**REQUIRED ACTION**
The copy you produce must hold every record exactly, and none of the images.

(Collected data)
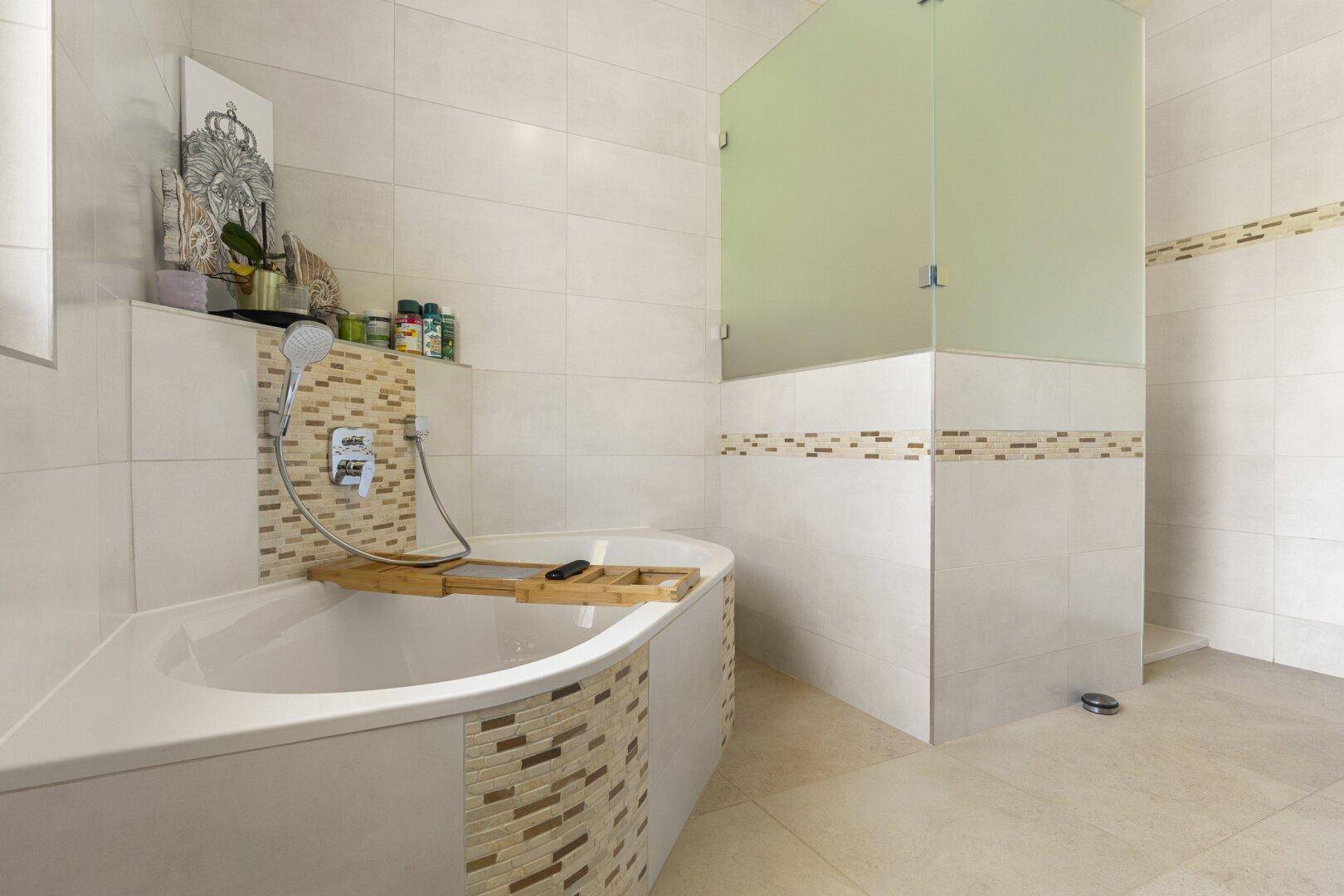 Große Badewanne und Dusche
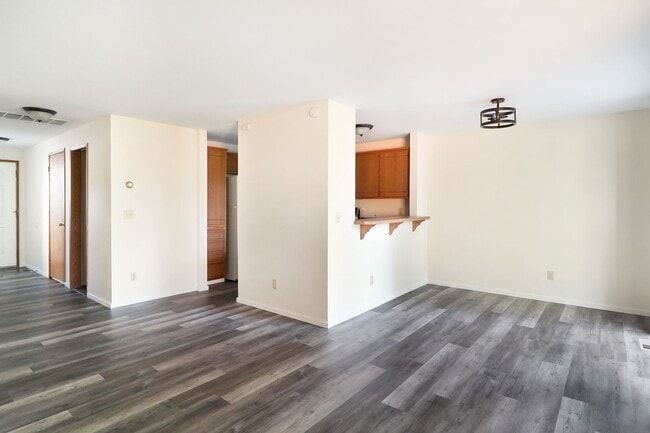 1025 SW Kaleeton Loop in Oak Harbor, WA - Building Photo - Building Photo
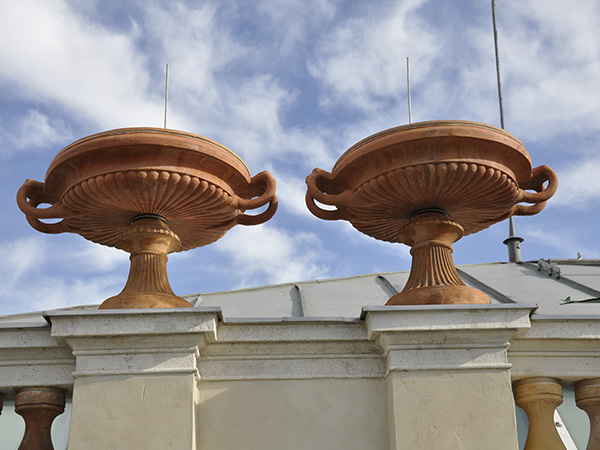 Ansicht auf restaurierte und montierte Vasen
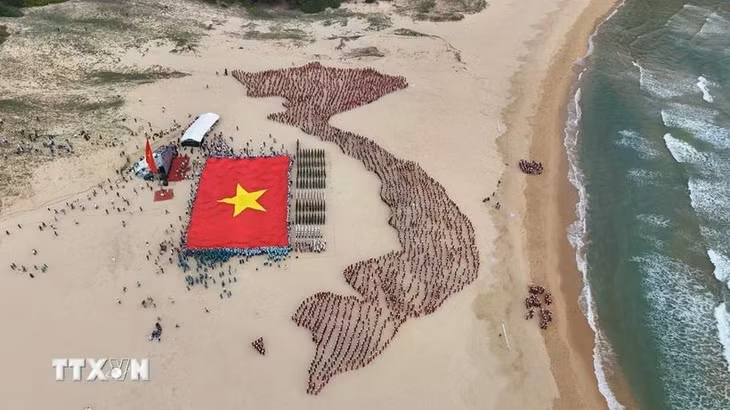 Đoàn viên thanh niên và học sinh tỉnh Phú Yên xếp hình bản đồ đất nước với hai quần đảo Hoàng Sa và Trường Sa bên cạnh cờ Tổ quốc. (Ảnh: TTXVN phát)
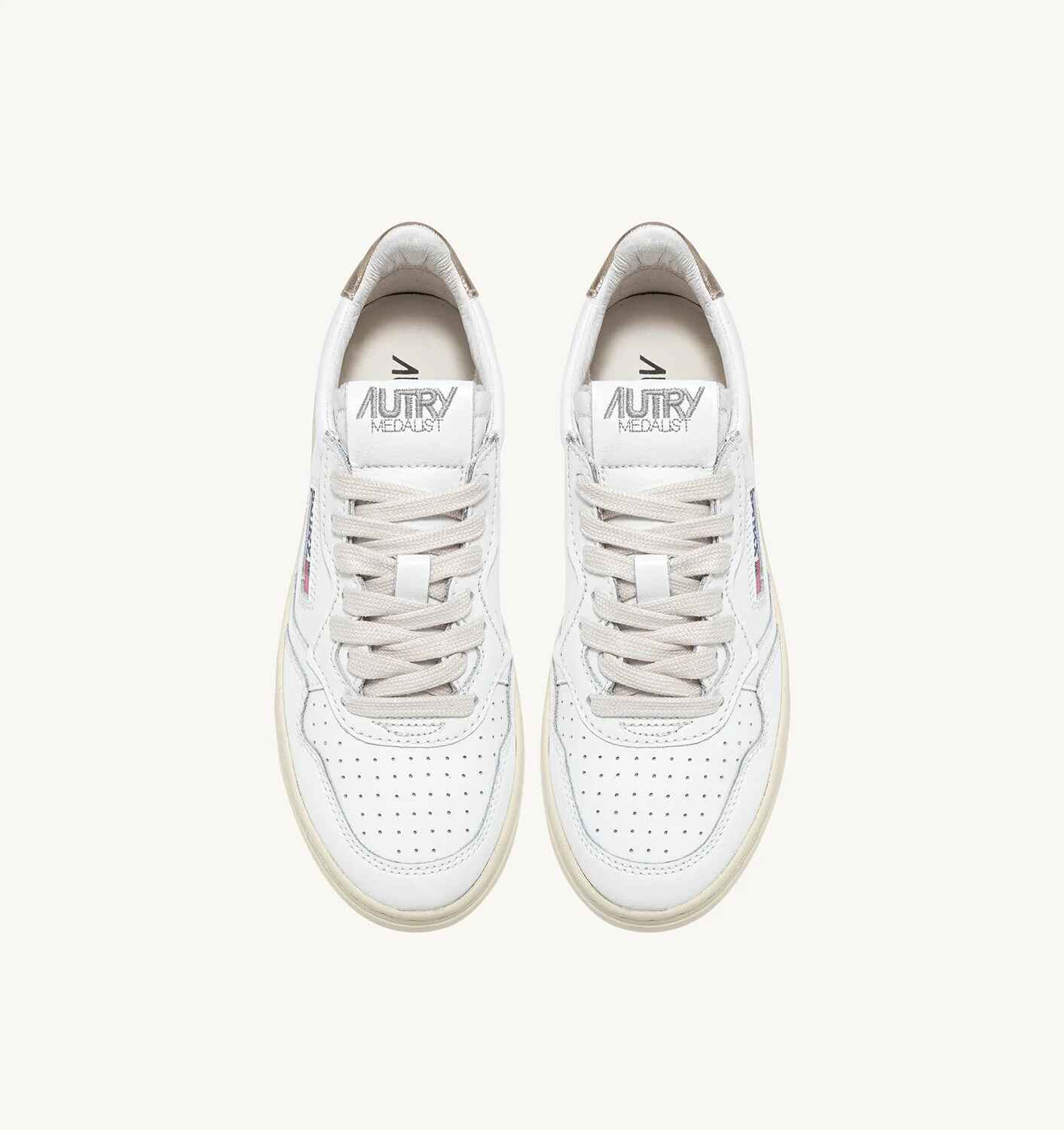 SNEAKERS MEDALIST LOW AUS LEDER IN WEISS UND GOLD METALLIC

**ANSWER FOR THIS EXERCISE**
 Große Badewanne und Dusche
 1025 SW Kaleeton Loop in Oak Harbor, WA - Building Photo - Building Photo
 Ansicht auf restaurierte und montierte Vasen
 Đoàn viên thanh niên và học sinh tỉnh Phú Yên xếp hình bản đồ đất nước với hai quần đảo Hoàng Sa và Trường Sa bên cạnh cờ Tổ quốc. (Ảnh: TTXVN phát)
 SNEAKERS MEDALIST LOW AUS LEDER IN WEISS UND GOLD METALLIC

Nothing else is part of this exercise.